_YOUR OBJECTIVE:_
Please set down only the lines from the one containing "Женская сумка Coca-Cola" through the end of the entries below, exactly, minus any pictures.

*** RECORDS SUPPLIED Section Begins ***

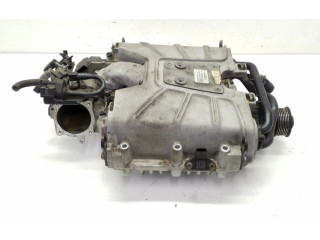 Turbodmychadlo Нагнетатель 151753, 06E145601K Audi A6 S6 C6 4F CCA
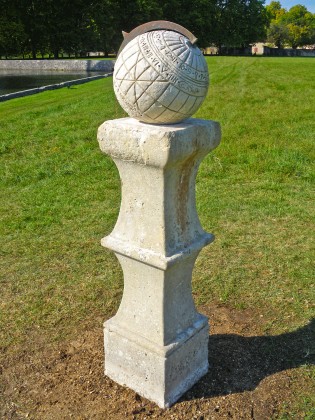 Photo Château Montesquieu - Parc Régulier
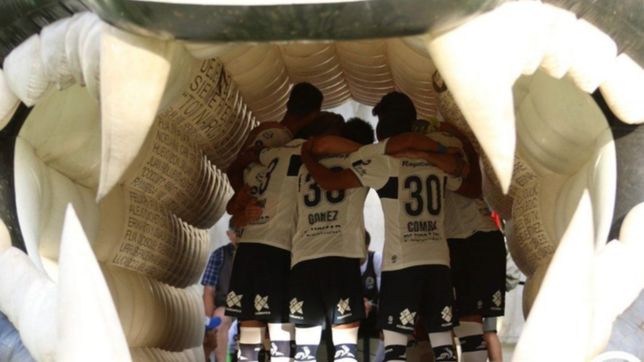termino una nueva fecha y gimnasia estiro ventajas: asi quedo la tabla de promedios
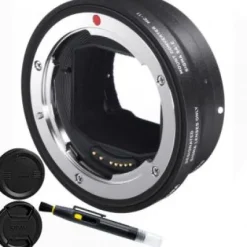 Best Sigma MC-11 Mount Adapter for Canon EF-Mount Lenses to Sony E Cameras Accessory Bundle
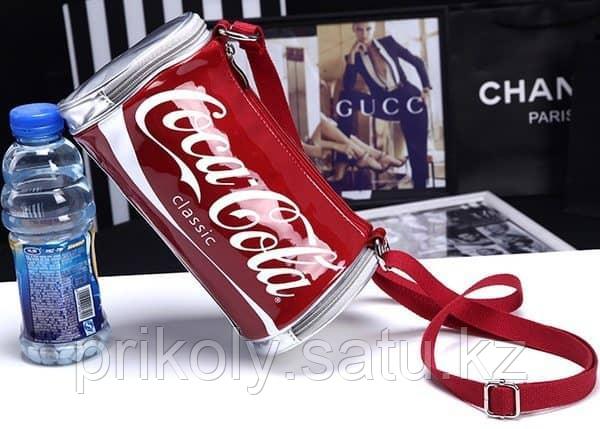 Женская сумка Coca-Cola - фото 2 - id-p93863806
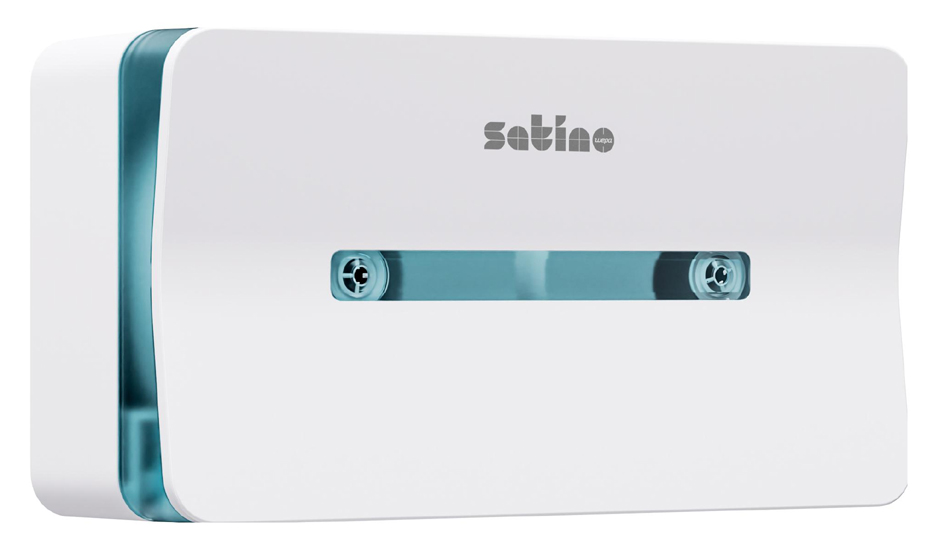 satino by wepa HYGINITY Distributeur de papier toilette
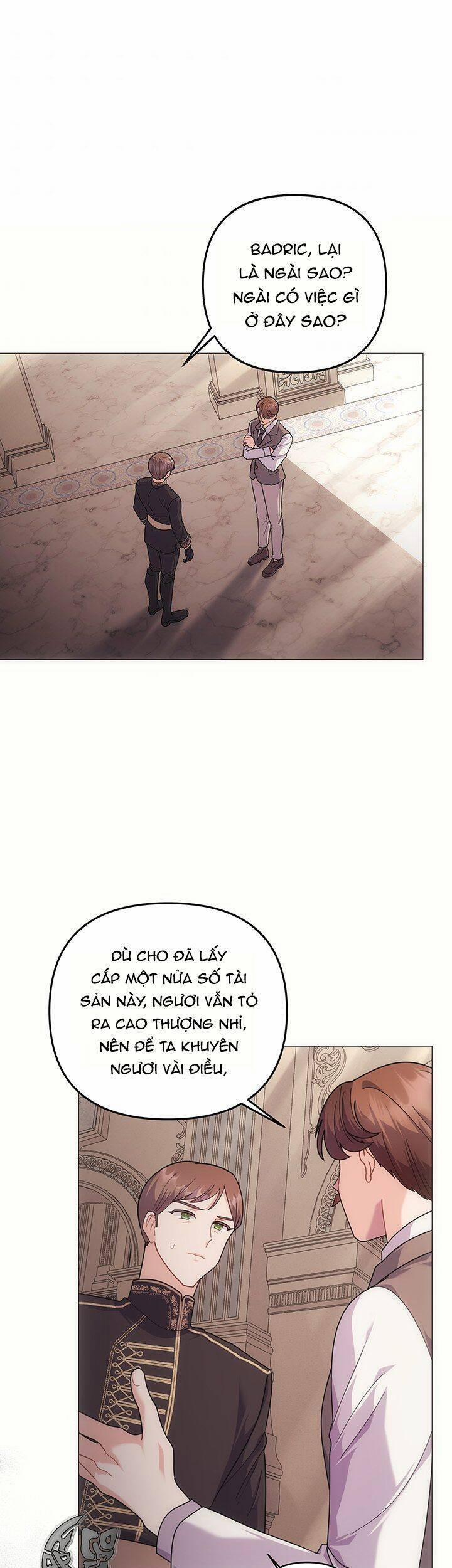 Chủ Nhân Cô Nhi Viện Muốn Nghỉ Ngơi 33 trang 1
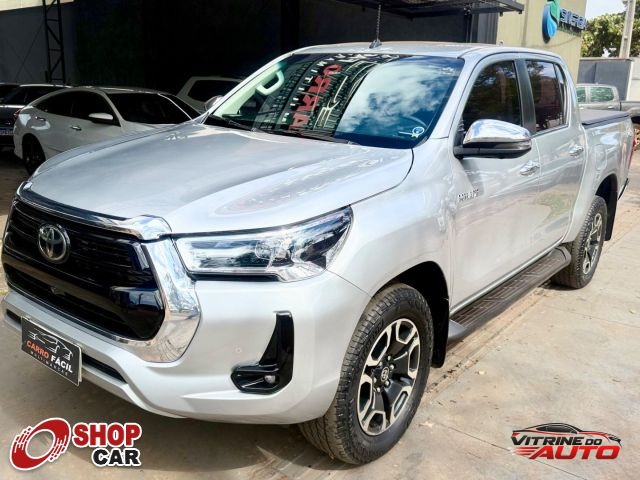 Hilux SRX D4-D 2.8TDi 16v 4×4 C.D. A/T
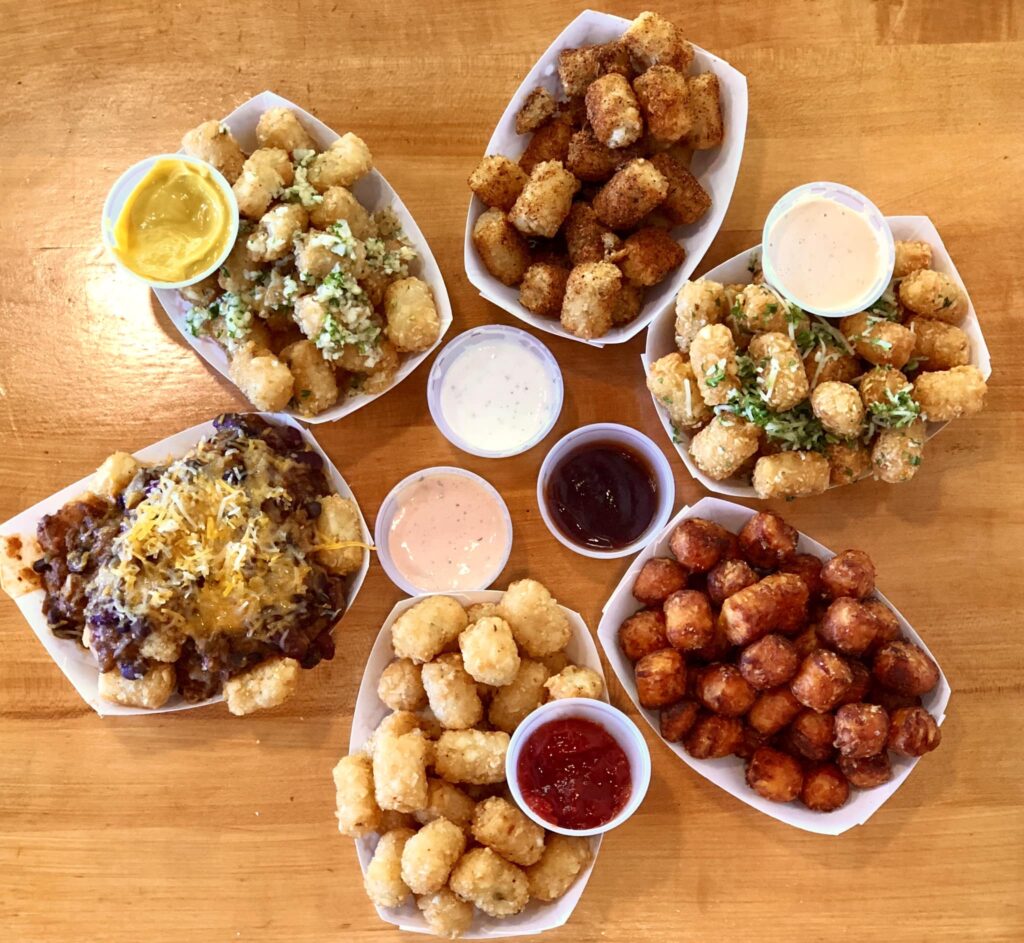 tater tots acme burger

*** RECORDS SUPPLIED Section Ends ***

_ANSWER:_
 Женская сумка Coca-Cola - фото 2 - id-p93863806
 satino by wepa HYGINITY Distributeur de papier toilette
 Chủ Nhân Cô Nhi Viện Muốn Nghỉ Ngơi 33 trang 1
 Hilux SRX D4-D 2.8TDi 16v 4×4 C.D. A/T
 tater tots acme burger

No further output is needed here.